# WHAT TO DO:
Begin your copy at the line with "Бесплатная Доставка свадебные" in the records below and end it at the line with "Digitale slimme energiemeter", restating each line word for word; omit the pictures.

# RECORDS PROVIDED:
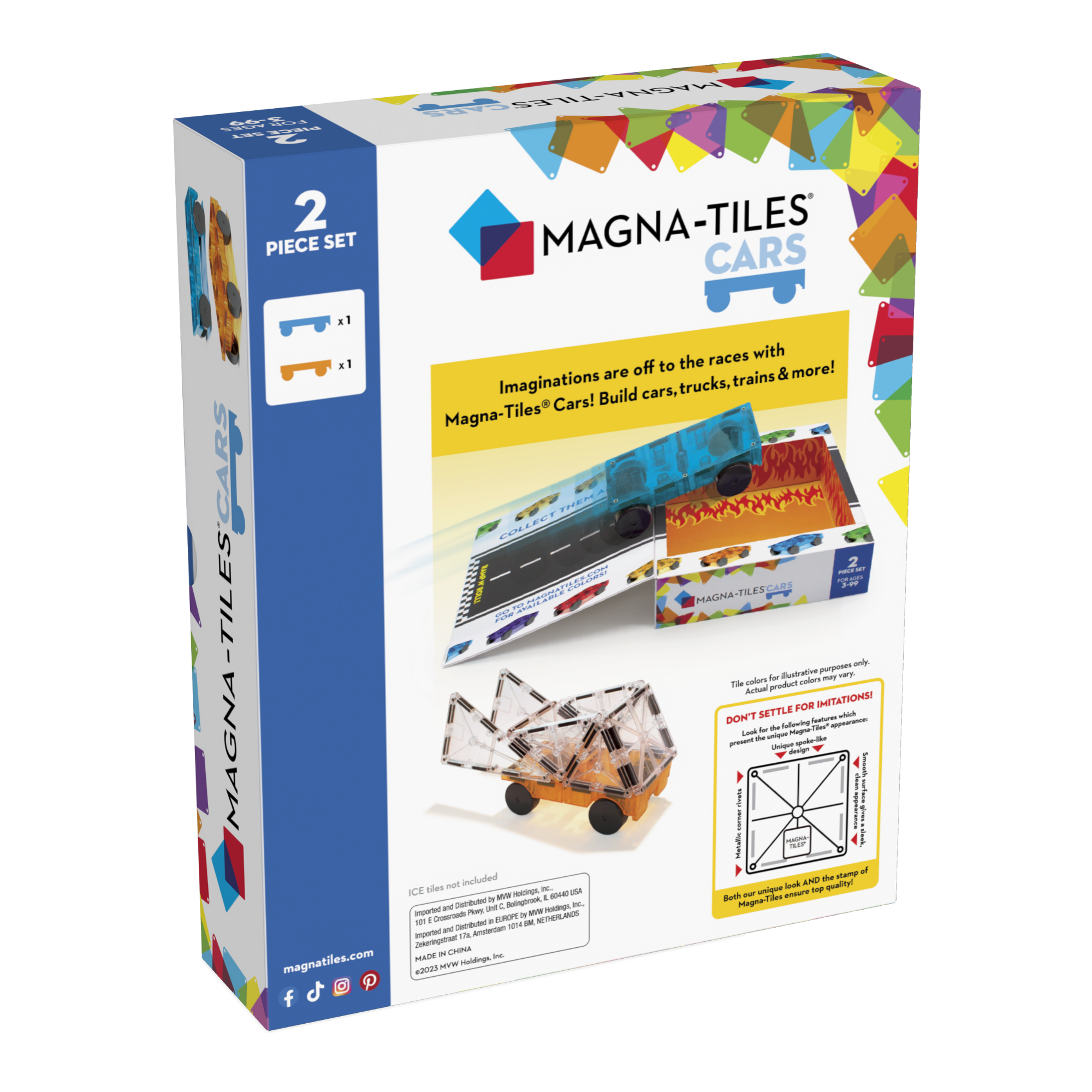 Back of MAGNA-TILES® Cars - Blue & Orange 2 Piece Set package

--

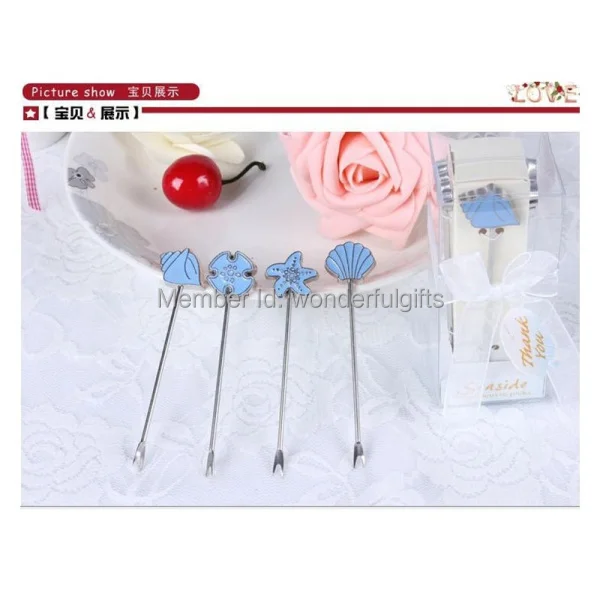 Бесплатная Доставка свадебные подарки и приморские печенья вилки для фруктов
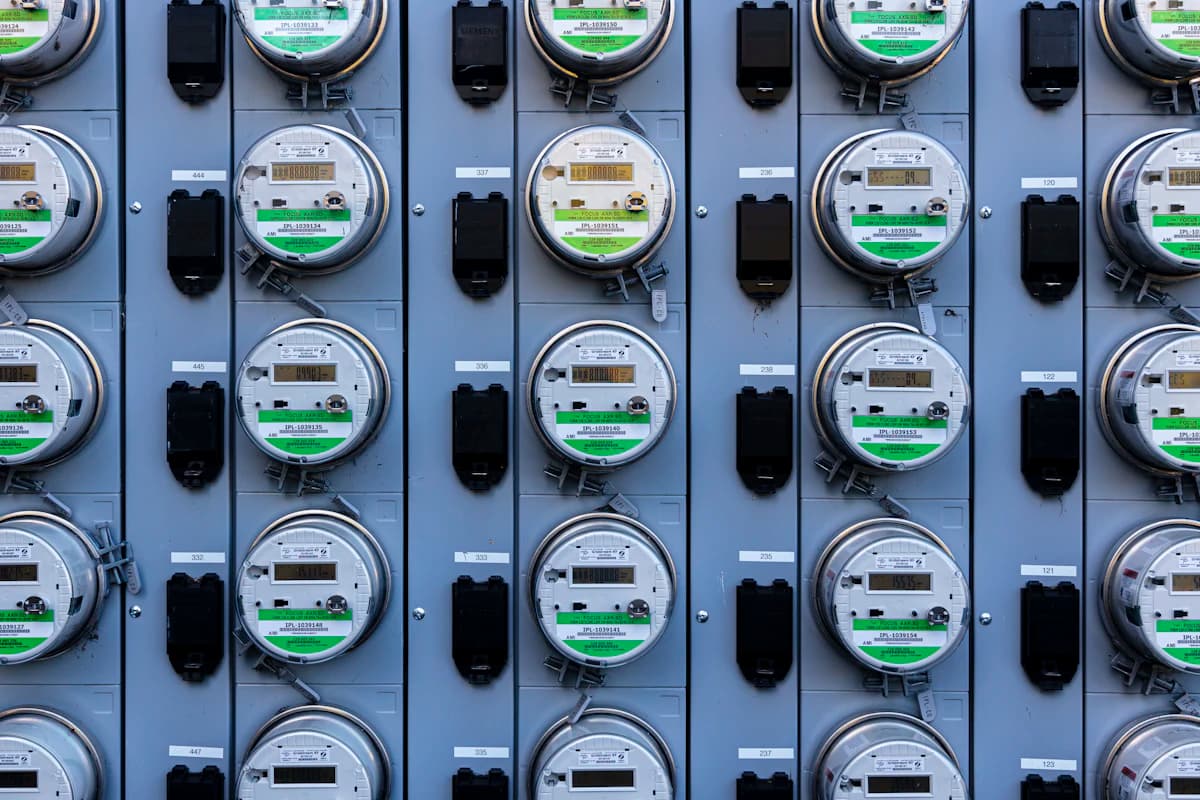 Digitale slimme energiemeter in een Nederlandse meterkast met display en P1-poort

* * *

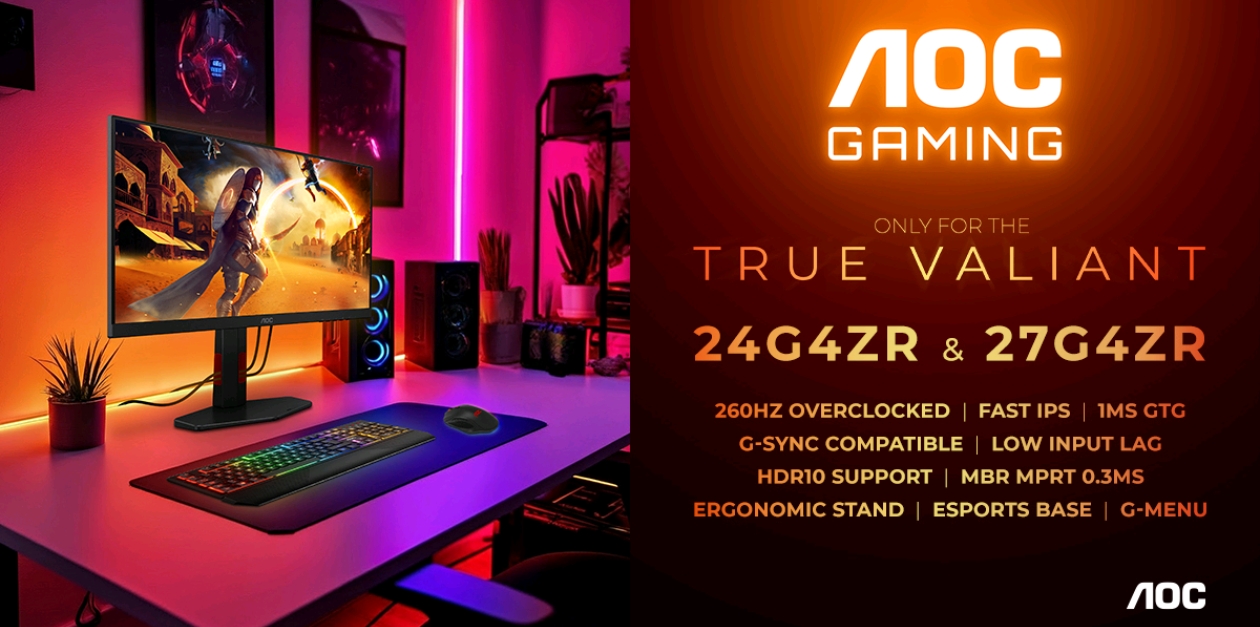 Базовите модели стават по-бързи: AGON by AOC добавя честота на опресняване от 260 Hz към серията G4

# ANSWER TO THIS TASK:
 Бесплатная Доставка свадебные подарки и приморские печенья вилки для фруктов
 Digitale slimme energiemeter in een Nederlandse meterkast met display en P1-poort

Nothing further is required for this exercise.